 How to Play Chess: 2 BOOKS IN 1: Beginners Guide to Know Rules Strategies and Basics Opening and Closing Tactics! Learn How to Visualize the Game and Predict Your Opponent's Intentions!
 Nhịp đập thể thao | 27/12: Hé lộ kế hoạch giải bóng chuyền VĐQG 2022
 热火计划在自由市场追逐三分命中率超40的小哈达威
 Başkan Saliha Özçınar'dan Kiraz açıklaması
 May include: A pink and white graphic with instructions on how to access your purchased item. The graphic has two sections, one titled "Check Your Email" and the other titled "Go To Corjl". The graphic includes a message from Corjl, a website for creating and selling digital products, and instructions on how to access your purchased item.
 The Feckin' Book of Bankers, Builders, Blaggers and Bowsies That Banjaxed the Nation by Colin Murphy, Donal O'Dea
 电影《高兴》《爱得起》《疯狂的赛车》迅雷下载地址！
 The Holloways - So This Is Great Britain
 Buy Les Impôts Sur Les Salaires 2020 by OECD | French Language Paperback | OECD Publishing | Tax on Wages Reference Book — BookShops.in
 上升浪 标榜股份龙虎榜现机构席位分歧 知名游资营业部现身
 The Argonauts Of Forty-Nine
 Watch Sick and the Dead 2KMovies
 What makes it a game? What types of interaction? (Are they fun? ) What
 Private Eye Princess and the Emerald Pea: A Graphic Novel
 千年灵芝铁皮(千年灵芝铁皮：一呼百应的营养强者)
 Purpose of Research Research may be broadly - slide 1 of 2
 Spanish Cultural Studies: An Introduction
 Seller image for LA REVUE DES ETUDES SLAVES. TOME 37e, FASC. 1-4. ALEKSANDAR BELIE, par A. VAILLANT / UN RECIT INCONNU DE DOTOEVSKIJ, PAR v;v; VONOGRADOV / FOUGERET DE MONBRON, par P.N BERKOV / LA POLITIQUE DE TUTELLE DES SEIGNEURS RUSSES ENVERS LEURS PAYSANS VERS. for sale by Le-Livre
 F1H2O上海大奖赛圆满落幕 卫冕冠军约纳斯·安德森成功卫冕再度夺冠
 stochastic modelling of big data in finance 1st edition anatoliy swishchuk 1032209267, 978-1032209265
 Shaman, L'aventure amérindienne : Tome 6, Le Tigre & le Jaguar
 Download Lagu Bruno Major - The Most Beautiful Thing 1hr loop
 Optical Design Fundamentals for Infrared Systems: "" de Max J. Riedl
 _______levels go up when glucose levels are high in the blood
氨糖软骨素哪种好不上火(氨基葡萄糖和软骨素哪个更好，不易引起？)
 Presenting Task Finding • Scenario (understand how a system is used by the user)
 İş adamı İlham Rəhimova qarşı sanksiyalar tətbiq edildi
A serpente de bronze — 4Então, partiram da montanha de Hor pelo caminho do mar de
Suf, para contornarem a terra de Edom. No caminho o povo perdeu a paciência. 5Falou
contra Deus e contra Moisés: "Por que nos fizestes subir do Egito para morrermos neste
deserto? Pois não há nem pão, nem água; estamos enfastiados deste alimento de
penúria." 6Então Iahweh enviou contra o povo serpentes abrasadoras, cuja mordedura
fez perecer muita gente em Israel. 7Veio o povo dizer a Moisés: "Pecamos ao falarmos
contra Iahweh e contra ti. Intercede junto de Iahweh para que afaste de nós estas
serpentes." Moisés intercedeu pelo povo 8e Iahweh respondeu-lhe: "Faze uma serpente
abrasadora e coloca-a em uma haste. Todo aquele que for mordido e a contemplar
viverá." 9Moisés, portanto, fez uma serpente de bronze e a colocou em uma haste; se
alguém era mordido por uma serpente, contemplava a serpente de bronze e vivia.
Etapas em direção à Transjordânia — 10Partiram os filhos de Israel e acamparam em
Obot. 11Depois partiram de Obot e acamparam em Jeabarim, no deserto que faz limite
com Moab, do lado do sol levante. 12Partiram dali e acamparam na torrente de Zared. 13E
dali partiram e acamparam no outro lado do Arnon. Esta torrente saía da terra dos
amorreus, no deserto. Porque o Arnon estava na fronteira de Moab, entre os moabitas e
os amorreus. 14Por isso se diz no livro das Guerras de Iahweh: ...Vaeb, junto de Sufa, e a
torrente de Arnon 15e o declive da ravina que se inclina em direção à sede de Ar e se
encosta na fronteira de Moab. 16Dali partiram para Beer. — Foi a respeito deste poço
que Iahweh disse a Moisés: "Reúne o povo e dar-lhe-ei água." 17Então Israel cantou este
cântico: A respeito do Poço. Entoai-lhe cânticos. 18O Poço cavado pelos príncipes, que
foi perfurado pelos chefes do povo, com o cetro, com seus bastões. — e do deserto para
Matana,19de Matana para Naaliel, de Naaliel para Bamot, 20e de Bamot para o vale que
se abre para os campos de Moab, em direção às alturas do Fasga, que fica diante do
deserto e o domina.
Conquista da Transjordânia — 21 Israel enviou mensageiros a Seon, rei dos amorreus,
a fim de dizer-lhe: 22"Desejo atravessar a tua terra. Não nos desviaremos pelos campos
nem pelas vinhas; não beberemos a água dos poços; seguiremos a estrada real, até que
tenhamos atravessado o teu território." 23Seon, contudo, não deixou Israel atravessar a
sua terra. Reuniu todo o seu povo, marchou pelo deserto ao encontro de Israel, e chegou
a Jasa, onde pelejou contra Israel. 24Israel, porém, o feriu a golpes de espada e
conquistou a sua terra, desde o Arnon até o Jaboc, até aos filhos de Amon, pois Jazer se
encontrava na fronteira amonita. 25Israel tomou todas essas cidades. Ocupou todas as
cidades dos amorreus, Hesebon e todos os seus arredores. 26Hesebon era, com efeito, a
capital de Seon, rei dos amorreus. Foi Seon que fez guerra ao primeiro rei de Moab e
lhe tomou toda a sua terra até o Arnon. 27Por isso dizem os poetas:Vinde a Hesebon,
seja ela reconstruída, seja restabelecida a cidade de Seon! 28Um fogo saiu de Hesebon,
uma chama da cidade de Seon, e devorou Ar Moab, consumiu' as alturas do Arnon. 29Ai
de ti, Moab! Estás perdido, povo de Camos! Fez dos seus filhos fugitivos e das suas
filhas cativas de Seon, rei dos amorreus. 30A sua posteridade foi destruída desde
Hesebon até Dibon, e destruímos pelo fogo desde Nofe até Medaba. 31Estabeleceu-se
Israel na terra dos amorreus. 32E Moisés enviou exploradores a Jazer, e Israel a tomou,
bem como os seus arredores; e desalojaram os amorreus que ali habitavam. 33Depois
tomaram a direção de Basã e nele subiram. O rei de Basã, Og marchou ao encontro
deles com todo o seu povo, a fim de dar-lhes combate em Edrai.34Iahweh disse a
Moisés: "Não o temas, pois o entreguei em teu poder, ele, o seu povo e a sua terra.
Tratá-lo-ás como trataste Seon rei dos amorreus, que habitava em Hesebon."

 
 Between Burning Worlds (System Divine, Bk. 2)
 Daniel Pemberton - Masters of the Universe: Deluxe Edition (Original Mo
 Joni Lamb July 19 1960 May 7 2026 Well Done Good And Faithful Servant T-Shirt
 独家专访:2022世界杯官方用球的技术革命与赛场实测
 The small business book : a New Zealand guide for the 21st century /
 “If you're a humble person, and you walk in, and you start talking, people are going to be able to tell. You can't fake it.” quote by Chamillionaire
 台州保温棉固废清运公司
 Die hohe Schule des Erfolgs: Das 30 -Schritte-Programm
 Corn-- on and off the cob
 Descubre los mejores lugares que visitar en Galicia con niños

++++++++++++++++++++

◆ HOW TO COMPLETE THIS TASK ◆
All lines of the data that hold "atravessar" need to be copied.

◆ RESPONSE BELOW ◆
a fim de dizer-lhe: 22"Desejo atravessar a tua terra. Não nos desviaremos pelos campos
tenhamos atravessado o teu território." 23Seon, contudo, não deixou Israel atravessar a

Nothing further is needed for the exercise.